[Entries supplied — start]

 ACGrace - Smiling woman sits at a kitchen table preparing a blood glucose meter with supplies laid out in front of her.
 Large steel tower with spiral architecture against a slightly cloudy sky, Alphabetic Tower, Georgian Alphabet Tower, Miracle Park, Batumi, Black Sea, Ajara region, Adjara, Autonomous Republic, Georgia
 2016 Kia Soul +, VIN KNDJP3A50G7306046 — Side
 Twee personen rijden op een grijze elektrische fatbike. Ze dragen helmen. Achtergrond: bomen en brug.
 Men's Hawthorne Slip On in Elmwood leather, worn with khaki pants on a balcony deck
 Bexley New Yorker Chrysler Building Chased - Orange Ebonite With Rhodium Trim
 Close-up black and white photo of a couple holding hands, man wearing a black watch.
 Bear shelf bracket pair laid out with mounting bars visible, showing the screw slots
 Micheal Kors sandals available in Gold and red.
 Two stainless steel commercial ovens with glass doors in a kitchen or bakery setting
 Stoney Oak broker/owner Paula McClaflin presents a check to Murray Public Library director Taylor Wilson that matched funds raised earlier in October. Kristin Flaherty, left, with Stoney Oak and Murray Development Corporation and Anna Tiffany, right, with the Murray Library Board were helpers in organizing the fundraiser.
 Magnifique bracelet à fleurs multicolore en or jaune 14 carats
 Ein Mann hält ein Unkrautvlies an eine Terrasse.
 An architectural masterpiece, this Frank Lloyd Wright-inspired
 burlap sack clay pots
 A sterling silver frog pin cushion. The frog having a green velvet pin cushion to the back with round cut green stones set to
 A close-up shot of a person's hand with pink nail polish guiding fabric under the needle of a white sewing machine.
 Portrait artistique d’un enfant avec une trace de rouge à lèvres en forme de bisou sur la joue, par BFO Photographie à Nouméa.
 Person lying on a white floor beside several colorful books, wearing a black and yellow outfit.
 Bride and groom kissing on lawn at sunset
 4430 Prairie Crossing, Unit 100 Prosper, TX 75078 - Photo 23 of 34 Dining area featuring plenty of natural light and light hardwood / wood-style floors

[Entries supplied — finish]

Exercise description.
Your task is to quote, without any alteration, the lines running from the top of the records to the line that holds "A close-up shot", both included.

Answer to the exercise.
 ACGrace - Smiling woman sits at a kitchen table preparing a blood glucose meter with supplies laid out in front of her.
 Large steel tower with spiral architecture against a slightly cloudy sky, Alphabetic Tower, Georgian Alphabet Tower, Miracle Park, Batumi, Black Sea, Ajara region, Adjara, Autonomous Republic, Georgia
 2016 Kia Soul +, VIN KNDJP3A50G7306046 — Side
 Twee personen rijden op een grijze elektrische fatbike. Ze dragen helmen. Achtergrond: bomen en brug.
 Men's Hawthorne Slip On in Elmwood leather, worn with khaki pants on a balcony deck
 Bexley New Yorker Chrysler Building Chased - Orange Ebonite With Rhodium Trim
 Close-up black and white photo of a couple holding hands, man wearing a black watch.
 Bear shelf bracket pair laid out with mounting bars visible, showing the screw slots
 Micheal Kors sandals available in Gold and red.
 Two stainless steel commercial ovens with glass doors in a kitchen or bakery setting
 Stoney Oak broker/owner Paula McClaflin presents a check to Murray Public Library director Taylor Wilson that matched funds raised earlier in October. Kristin Flaherty, left, with Stoney Oak and Murray Development Corporation and Anna Tiffany, right, with the Murray Library Board were helpers in organizing the fundraiser.
 Magnifique bracelet à fleurs multicolore en or jaune 14 carats
 Ein Mann hält ein Unkrautvlies an eine Terrasse.
 An architectural masterpiece, this Frank Lloyd Wright-inspired
 burlap sack clay pots
 A sterling silver frog pin cushion. The frog having a green velvet pin cushion to the back with round cut green stones set to
 A close-up shot of a person's hand with pink nail polish guiding fabric under the needle of a white sewing machine.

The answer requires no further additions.